There are plenty of simple things you can do to train yourself to think more positively, too. Take the time to write down a list of things you appreciate in life (that coffee shop down the street that has the best lattes – why not?). Put up a picture at your workspace of your loved ones to look at when you’re starting to feel down.
Trust me, changing your mental outlook can drastically affect your ability to stay focused, motivated, and inspired.
Give yourself some credit.
How often do you give yourself credit for what you’ve accomplished? When you finally finish something you’ve been working on, do you sigh in relief, or do you give yourself a mental pat on the back? If you’re not mentally patting yourself on the back, you should be! You deserve it!
Finishing a task shouldn’t just be about moving onto the next one. Stop for a moment and remind yourself that you’ve just accomplished something – and remember that it’s just one more step towards whatever unknowns the future holds for you.
Richard Branson, entrepreneur and founder of Virgin Group, has some inspiring things to say about this:
“When you encounter naysayers, just keep forging ahead. After all, who would have thought … that the guy who needed to borrow a secondhand plane to launch an airline would one day help to create the space tourism industry?”4
Be committed to the process, not outcome.
This ties in with breaking your work down into smaller tasks. When you read a great book, do you think about the process that author went through to take an idea and forge it into a physical object in your very own hands?
That great book probably took years to end up on the shelves of a bookstore! It probably took countless revisions, countless late nights, countless crumpled up pieces of paper, and hours and hours leading to years and years of work – all so that you could one day read the back cover, decide to buy it, and be immersed in the story.

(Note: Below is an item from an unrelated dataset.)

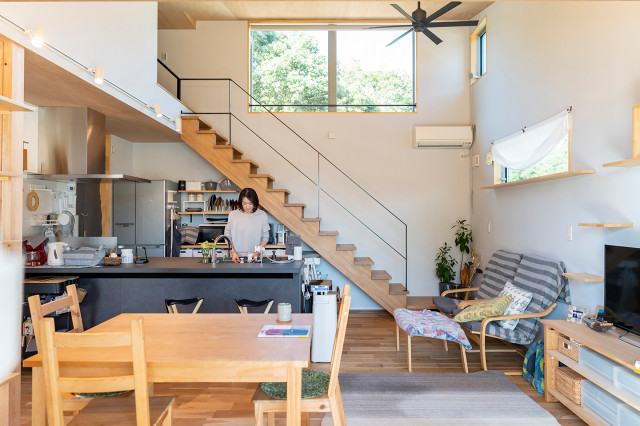 瀬戸市　平屋～暖炉と土間のあるリビング～ contemporain-salon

And that principle applies to all work, no matter what it is. Everyone starts somewhere. Everything great that is ever created has a whole history behind it.
In the wise words of entrepreneur James Clear:
“Fall in love with boredom. Fall in love with repetition and practice. Fall in love with the process of what you do and let the results take care of themselves.”5
Next time you’re feeling burned out, keep these things in mind and cut yourself some slack! Take the time to take care of yourself, and get back to work when you’re feeling fresh and motivated again to accomplish – one step at a time.